Skip to content

Architecture

An OATF document describes a single attack. Every document has:

  • An attack envelope: protocol-agnostic metadata, classification, and severity.
  • An execution profile: the protocol messages required to simulate the attack.

The attack envelope is the same regardless of which protocols are involved. A capability poisoning attack has one identity, one severity, and one set of framework mappings whether it targets MCP, A2A, or both.

The execution profile describes the ordered steps an adversarial tool performs to simulate the attack. Each step targets a specific protocol and specifies the messages to produce. Single-protocol attacks have steps targeting one protocol. Cross-protocol attacks have steps targeting multiple protocols.

A document MAY also include:

  • Indicators: observable patterns that determine whether the attack succeeded.

Indicators answer the question “did the agent comply with the attack?” Each indicator targets a specific protocol and surface, examining the agent’s behavior in response to the simulated attack: tool calls with exfiltrated data, compliance with injected instructions, unauthorized actions. An attack MAY have indicators for protocols not covered by its execution profile. For example, an attack executed via MCP may include indicators examining the agent’s subsequent tool calls or message content for evidence of exploitation.

Documents without indicators are valid for simulation: adversarial tools can reproduce the attack from the execution profile alone.
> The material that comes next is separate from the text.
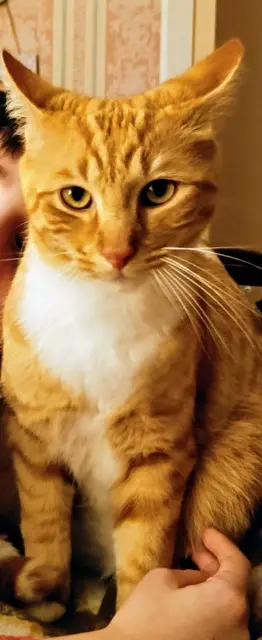 chat reunited   17420 Saint-Palais-sur-Mer Tigrou dit Titi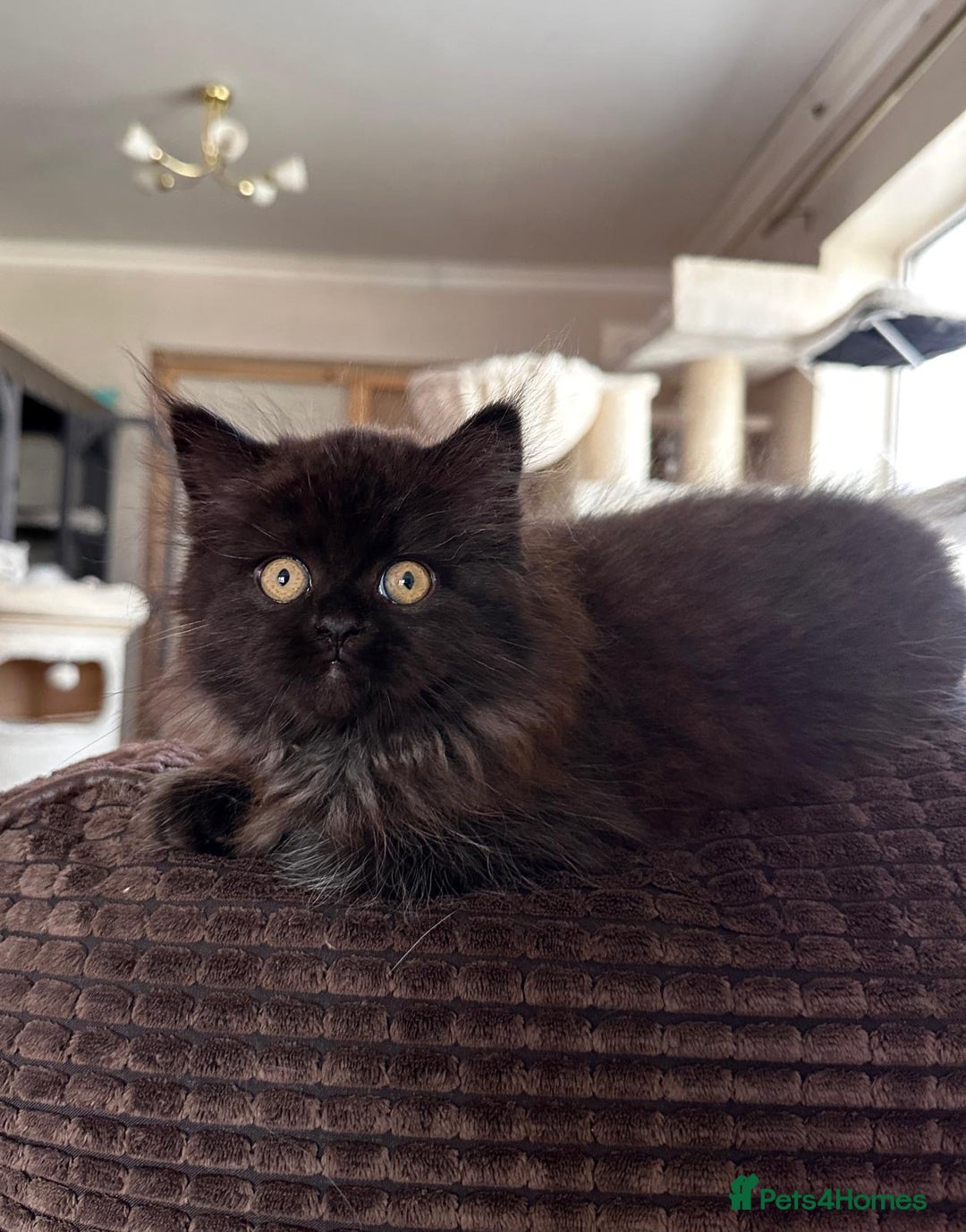 Siberian cats for sale: ❤️ 5 super friendly Siberian mix kittens ❤️ - Image 11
Adding indicators closes the loop: tools can determine whether the agent was exploited and produce a verdict.

Indicators SHOULD examine the agent’s response to the attack, not the attack payload itself. An indicator on the payload would always fire: the execution profile placed that content there.

One document per attack. Multi-attack bundles were considered and rejected: they couple the lifecycle of unrelated attacks.

When indicators are present, a document co-locates the execution profile (how to perform the attack) and the indicators (how to determine if the agent was exploited). A single tool can execute the attack and automatically evaluate the outcome in a closed loop, producing a verdict without manual interpretation. A library of OATF documents functions as a regression suite that runs end-to-end after each change to an agent deployment.

The two halves of the document are deliberately independent of each other:

Adversarial tools (red team) read the execution profile. They simulate the attack by producing the specified protocol messages in the specified order, evaluating triggers to advance between phases, and using extractors to carry state between steps. An adversarial tool MUST be able to reproduce the attack from the execution profile alone without consulting the indicators.

Evaluation tools (blue team / purple team) read the indicators. They examine protocol traffic for evidence that the agent complied with the attack and produce verdicts. An evaluation tool MUST be able to assess indicators without consulting the execution profile. Evaluation tools MUST reject documents without indicators with a clear error rather than silently producing a pass verdict.

Both consumers read the attack envelope for classification and severity metadata.

This independence means a tool MAY implement only one side. A simulation tool may consume only execution profiles. A monitoring tool may consume only indicators. The format is designed for tools that consume both.

The top-level oatf field declares the specification version the document conforms to. This specification defines version 0.1.

Documents carry their own attack.version field (a positive integer) independent of the specification version. When an attack description is updated (for example, to add an indicator for a new protocol), the document version increments.